[Items listed in a dataset]
........
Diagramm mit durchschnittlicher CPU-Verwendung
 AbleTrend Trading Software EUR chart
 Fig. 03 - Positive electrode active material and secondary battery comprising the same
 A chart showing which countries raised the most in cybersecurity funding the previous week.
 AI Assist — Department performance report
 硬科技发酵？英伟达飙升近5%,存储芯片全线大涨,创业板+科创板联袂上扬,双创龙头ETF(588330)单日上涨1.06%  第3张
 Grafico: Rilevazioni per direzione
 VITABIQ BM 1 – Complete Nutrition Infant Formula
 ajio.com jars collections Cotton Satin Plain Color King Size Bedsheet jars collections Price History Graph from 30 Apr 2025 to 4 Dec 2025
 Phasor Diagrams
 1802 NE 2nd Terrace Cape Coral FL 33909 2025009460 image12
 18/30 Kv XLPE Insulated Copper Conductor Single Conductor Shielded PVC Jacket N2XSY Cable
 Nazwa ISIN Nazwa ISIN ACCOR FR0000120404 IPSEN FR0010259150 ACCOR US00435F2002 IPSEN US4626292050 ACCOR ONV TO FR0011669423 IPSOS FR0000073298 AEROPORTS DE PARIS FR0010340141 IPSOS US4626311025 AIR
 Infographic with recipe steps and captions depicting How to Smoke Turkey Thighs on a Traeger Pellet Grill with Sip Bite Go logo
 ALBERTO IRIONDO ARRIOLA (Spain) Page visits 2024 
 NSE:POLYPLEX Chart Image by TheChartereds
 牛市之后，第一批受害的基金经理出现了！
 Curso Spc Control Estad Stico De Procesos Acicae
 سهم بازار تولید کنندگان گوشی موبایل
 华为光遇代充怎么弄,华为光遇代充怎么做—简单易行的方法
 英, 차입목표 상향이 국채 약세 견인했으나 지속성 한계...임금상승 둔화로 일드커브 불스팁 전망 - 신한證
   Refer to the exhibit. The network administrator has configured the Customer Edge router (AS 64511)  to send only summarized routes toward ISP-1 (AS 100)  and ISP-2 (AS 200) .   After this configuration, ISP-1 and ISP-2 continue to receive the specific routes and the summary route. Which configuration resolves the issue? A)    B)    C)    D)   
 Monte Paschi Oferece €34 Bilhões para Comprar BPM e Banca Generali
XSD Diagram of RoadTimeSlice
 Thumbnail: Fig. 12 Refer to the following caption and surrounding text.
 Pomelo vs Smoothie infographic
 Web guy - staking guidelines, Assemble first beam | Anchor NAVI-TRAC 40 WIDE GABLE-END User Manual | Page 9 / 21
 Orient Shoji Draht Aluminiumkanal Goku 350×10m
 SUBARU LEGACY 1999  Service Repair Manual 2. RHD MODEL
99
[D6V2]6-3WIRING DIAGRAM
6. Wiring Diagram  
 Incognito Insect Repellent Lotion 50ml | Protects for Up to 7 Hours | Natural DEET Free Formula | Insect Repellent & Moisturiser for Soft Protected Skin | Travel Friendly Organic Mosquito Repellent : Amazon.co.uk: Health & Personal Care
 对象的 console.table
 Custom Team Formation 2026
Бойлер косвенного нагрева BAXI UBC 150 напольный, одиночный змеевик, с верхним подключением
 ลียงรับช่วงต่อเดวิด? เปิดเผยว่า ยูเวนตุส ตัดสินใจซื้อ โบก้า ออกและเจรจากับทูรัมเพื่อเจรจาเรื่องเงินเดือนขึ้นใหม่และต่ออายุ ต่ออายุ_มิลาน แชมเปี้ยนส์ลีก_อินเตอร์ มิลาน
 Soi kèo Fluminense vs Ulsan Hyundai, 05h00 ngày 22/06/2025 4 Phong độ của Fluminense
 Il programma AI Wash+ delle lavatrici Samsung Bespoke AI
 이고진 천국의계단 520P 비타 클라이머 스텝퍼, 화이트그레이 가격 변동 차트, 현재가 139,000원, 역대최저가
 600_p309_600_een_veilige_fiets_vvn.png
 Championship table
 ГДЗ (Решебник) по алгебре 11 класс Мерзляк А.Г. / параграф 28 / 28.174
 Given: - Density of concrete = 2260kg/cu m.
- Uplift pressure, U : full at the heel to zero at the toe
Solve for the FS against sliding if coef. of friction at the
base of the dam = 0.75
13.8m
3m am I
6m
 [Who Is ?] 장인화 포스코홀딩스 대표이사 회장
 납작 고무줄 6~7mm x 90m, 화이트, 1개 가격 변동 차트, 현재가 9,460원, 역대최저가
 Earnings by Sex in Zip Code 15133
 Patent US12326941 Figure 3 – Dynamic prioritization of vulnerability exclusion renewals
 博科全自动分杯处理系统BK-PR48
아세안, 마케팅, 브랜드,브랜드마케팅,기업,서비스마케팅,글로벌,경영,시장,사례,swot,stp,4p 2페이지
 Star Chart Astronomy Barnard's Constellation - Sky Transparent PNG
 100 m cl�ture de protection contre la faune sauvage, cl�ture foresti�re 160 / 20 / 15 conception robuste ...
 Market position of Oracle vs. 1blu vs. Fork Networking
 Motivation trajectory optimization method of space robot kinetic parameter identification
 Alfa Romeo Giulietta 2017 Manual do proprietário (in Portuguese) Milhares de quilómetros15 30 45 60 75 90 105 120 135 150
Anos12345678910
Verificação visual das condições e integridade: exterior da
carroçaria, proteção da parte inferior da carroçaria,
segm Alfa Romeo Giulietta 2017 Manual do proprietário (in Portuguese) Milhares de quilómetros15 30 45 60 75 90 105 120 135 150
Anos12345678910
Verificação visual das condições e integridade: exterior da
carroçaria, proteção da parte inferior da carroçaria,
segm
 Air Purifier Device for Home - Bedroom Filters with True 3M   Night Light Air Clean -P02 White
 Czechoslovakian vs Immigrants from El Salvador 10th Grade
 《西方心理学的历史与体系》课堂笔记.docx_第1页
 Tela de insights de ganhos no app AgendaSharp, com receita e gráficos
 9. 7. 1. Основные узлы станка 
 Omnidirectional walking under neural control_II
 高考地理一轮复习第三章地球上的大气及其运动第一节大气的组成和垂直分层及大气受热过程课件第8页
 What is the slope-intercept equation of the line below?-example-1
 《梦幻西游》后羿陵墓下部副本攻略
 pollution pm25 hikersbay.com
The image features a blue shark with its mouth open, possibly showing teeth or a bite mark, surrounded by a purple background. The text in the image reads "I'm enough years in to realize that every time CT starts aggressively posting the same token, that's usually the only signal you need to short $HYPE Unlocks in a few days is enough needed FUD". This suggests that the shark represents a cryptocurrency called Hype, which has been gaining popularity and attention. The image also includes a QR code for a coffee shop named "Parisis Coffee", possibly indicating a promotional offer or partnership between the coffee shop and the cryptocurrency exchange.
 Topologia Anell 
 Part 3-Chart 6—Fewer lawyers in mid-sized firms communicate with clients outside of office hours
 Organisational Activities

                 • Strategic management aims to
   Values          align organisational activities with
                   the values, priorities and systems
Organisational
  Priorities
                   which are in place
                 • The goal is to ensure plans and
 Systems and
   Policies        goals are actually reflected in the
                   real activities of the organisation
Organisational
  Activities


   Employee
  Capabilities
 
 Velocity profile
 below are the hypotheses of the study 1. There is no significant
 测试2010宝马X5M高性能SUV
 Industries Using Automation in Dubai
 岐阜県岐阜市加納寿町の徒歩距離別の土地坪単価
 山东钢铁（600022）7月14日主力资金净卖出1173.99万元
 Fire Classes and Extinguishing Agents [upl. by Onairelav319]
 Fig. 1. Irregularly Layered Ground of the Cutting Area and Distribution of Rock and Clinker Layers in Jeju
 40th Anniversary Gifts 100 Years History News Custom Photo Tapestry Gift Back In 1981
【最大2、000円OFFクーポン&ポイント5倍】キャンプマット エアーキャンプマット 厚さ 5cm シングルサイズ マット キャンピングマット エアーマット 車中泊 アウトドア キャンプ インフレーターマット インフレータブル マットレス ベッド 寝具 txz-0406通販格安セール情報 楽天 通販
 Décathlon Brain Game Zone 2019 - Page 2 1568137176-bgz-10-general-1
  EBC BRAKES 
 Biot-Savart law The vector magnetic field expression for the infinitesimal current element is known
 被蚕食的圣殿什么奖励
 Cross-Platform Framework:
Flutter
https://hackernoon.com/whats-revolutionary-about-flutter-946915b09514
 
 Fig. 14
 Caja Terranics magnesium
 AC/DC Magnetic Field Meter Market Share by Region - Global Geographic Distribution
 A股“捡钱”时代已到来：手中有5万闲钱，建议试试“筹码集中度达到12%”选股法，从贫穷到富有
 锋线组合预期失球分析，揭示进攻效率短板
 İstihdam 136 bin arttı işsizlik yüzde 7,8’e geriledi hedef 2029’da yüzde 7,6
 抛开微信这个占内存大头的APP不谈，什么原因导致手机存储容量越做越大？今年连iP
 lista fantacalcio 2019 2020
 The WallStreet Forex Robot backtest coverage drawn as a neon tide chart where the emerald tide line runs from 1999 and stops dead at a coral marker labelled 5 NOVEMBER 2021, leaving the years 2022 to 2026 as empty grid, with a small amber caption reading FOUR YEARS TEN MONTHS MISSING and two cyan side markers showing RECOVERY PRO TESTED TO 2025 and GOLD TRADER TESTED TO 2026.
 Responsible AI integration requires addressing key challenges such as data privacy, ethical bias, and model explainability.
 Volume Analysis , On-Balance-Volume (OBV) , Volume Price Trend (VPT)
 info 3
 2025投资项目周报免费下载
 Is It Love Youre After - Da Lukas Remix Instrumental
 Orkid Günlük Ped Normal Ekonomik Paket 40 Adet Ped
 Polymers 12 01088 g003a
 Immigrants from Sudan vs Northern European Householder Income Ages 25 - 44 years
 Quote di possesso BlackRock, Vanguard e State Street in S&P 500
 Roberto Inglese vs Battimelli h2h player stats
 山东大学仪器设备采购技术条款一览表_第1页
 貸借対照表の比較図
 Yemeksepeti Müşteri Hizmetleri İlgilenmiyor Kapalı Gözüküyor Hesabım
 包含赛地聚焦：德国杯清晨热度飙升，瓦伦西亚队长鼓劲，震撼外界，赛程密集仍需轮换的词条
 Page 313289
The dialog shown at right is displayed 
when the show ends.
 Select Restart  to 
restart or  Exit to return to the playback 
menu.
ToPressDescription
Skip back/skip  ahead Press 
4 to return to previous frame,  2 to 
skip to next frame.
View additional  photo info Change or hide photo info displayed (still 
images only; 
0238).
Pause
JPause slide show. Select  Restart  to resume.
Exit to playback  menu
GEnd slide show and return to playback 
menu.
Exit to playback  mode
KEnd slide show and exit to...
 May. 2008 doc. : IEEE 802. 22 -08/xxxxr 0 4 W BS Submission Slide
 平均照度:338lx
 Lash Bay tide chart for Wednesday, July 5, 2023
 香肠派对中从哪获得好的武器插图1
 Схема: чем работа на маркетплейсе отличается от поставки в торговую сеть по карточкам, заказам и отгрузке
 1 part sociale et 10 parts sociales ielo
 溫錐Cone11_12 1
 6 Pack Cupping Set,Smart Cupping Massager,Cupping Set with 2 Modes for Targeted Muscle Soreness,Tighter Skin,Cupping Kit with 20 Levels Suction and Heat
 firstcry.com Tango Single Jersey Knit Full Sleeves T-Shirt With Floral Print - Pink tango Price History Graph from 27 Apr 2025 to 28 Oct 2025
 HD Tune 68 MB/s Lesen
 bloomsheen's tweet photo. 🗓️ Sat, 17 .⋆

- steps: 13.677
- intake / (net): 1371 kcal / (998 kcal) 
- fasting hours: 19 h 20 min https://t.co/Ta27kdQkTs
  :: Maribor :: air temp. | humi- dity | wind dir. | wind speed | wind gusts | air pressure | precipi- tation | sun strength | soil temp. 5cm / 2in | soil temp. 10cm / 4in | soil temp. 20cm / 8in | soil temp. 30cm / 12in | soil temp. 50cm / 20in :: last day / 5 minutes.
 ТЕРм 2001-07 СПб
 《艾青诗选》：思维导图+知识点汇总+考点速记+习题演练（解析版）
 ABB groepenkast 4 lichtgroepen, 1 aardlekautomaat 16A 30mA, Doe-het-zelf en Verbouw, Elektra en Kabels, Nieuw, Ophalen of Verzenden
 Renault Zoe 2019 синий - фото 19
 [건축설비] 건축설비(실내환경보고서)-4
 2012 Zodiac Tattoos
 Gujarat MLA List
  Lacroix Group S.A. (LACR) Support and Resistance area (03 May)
........
== Exercise brief ==
Out of the data above, give again only the lines starting at the one holding "Responsible AI integration" and ending at the one holding "- fasting hours: 19", unchanged.

== Answer box ==
 Responsible AI integration requires addressing key challenges such as data privacy, ethical bias, and model explainability.
 Volume Analysis , On-Balance-Volume (OBV) , Volume Price Trend (VPT)
 info 3
 2025投资项目周报免费下载
 Is It Love Youre After - Da Lukas Remix Instrumental
 Orkid Günlük Ped Normal Ekonomik Paket 40 Adet Ped
 Polymers 12 01088 g003a
 Immigrants from Sudan vs Northern European Householder Income Ages 25 - 44 years
 Quote di possesso BlackRock, Vanguard e State Street in S&P 500
 Roberto Inglese vs Battimelli h2h player stats
 山东大学仪器设备采购技术条款一览表_第1页
 貸借対照表の比較図
 Yemeksepeti Müşteri Hizmetleri İlgilenmiyor Kapalı Gözüküyor Hesabım
 包含赛地聚焦：德国杯清晨热度飙升，瓦伦西亚队长鼓劲，震撼外界，赛程密集仍需轮换的词条
 Page 313289
The dialog shown at right is displayed 
when the show ends.
 Select Restart  to 
restart or  Exit to return to the playback 
menu.
ToPressDescription
Skip back/skip  ahead Press 
4 to return to previous frame,  2 to 
skip to next frame.
View additional  photo info Change or hide photo info displayed (still 
images only; 
0238).
Pause
JPause slide show. Select  Restart  to resume.
Exit to playback  menu
GEnd slide show and return to playback 
menu.
Exit to playback  mode
KEnd slide show and exit to...
 May. 2008 doc. : IEEE 802. 22 -08/xxxxr 0 4 W BS Submission Slide
 平均照度:338lx
 Lash Bay tide chart for Wednesday, July 5, 2023
 香肠派对中从哪获得好的武器插图1
 Схема: чем работа на маркетплейсе отличается от поставки в торговую сеть по карточкам, заказам и отгрузке
 1 part sociale et 10 parts sociales ielo
 溫錐Cone11_12 1
 6 Pack Cupping Set,Smart Cupping Massager,Cupping Set with 2 Modes for Targeted Muscle Soreness,Tighter Skin,Cupping Kit with 20 Levels Suction and Heat
 firstcry.com Tango Single Jersey Knit Full Sleeves T-Shirt With Floral Print - Pink tango Price History Graph from 27 Apr 2025 to 28 Oct 2025
 HD Tune 68 MB/s Lesen
 bloomsheen's tweet photo. 🗓️ Sat, 17 .⋆

- steps: 13.677
- intake / (net): 1371 kcal / (998 kcal) 
- fasting hours: 19 h 20 min https://t.co/Ta27kdQkTs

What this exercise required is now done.